The trouble was, Pernell couldn’t make up his mind whether to play it for comedy or tragedy. He occasionally went for the laughs--cake-walking to his corner, turkey-trotting around the center of the ring. But he was in the wrong setting. No one laughed. It was Oscar’s audience.

It worked at times. Oscar kept aiming punches at places Pernell had left much earlier in the evening. There were times when you felt Oscar must have thought Pernell didn’t show up. He should have had a lantern.

Whitaker would pause in flight occasionally to muss up Oscar’s hair or pepper him about the ears. You’ve heard of fighters whose best punch was a left to the head? Well, Whitaker’s was a head to the left. In the third round, he landed a solid head to Oscar’s chin as they both fell through the ropes. It was probably the single most telling blow of the fight. The trouble was, the judges deducted the point, not rewarded it. It was not crucial to the scoring--two judges had Oscar winning by six points, the other judge by four.

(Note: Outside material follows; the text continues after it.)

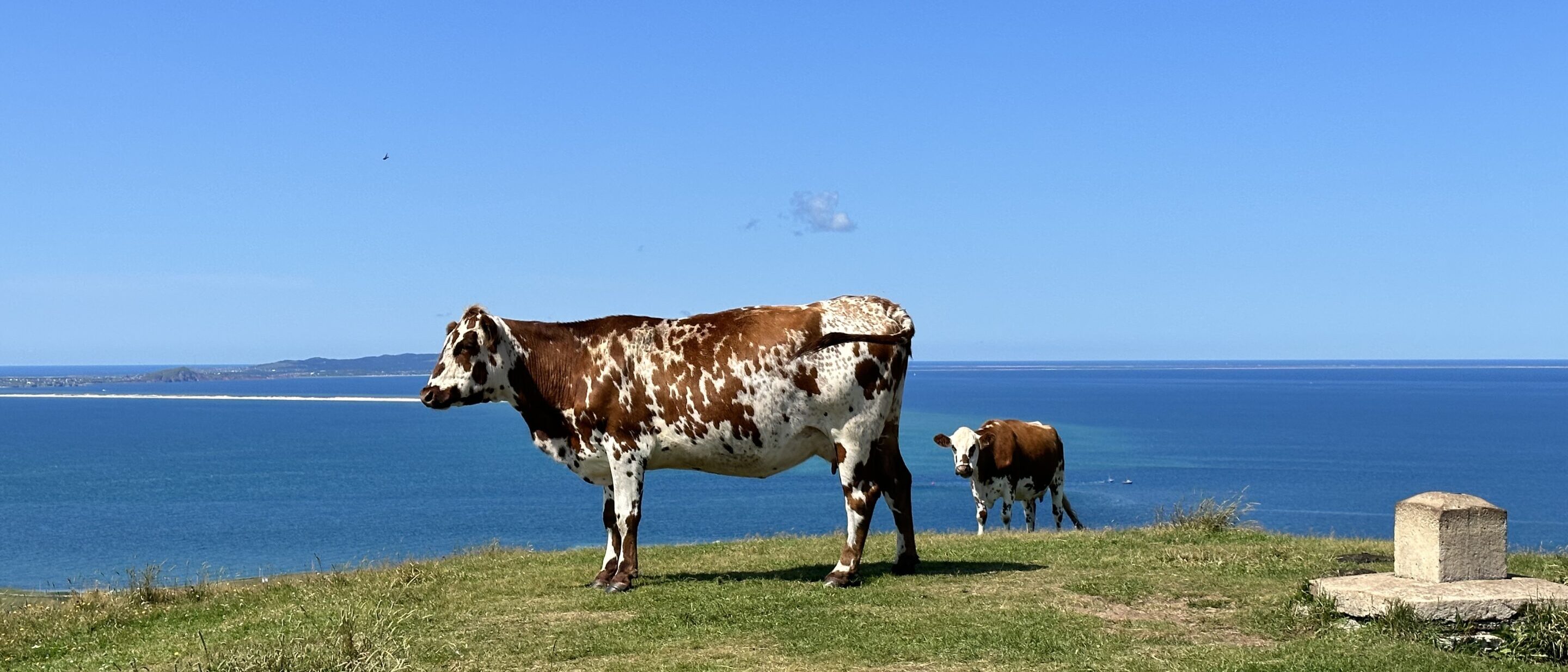 Maison Mer – Hébergement Îles de la Madeleine – 13/05/2025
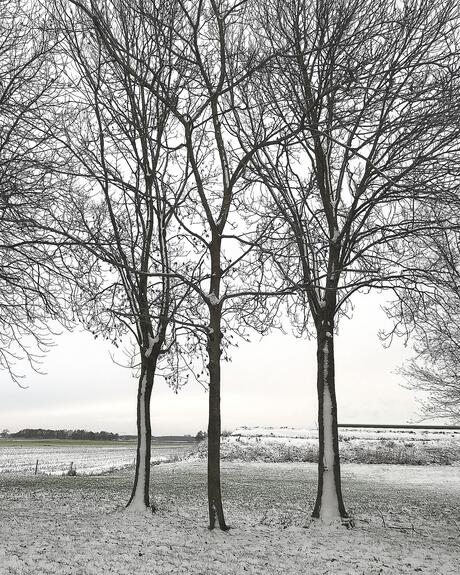 Besneeuwde boomstammen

It was closer than that. Actually, these guys should fight each other sometime. Much of the night, Whitaker seemed to think he had been brought on to give a performance of Swan Lake. Oscar stalked him like a wolf who keeps losing the scent and sniffing around in circles. At other times, he was like a cop on a stakeout.

One result was, the battle was fought at long range--like chess by telephone. The ringside statisticians had De la Hoya throwing 557 punches. And landing 191. They were very generous. They must have counted blows landed on a top rope.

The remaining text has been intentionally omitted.